Finally it appears my VMware cluster is functional again without crippling itself and the rest of the NAS.

 

Still interested to know performance stats for the 626x however, as this will likely be a pending purchase.

Model: ReadyNASRNDP400U|ReadyNAS Ultra 4 Plus Chassis only
Message 13 of 14
mdgm-ntgr
NETGEAR Employee Retired

Re: Poor read performance - 6.5.0 On Ultra 4 Plus

What would you like to know?

 

I can't test things with my RN626X at the moment as it's tied up at the moment with another project, but I could ask a colleague.
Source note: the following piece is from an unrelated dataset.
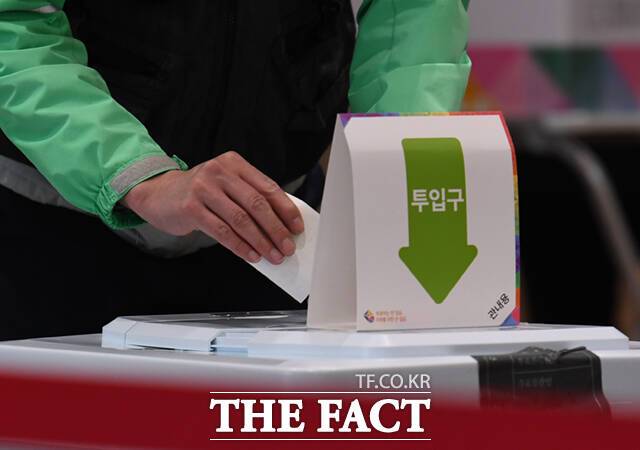 국민의힘과 더불어민주당이 첫날 높은 사전투표율을 보며 동상이몽을 꾸고 있다. 사진은 제22대 국회의원 선거 사전투표 첫날인 5일 서울 도봉구 창1동 주민센터에 마련된 사전투표소에서 유권자들이 한 표를 행사하고 있는 모습이다. /이새롬 기자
I did test transcoding video using my RN626X and that was a big step up from my 516 which is a big step up from the Pro 6 which is much better than the Ultra 4 Plus. I'm sure you'll love the performance that the RN626X provides.

 

In the live Q&A recently we were asked:

"what is the difference between Readynas rn626x & RN716X - so the older model actually has more ram, speed but the newer model is cheaper? both 10GB"

The answer was:

RN716X is Intel Xeon Ivy Bridge E3-1265Lv2 2.5GHz (3.5GHz Turbo) Quad Core with 16GB ECC

RN626X is Intel® D-1521 Quad Core 2.4GHz Xeon Server Processor with 8GB DDR4 ECC RAM
 

The E3-1265Lv2 uses a 22nm manufacturing process, while the D-1521 processor is much newer and uses a 14nm process. The D1521 will operate faster at a lower clock speed.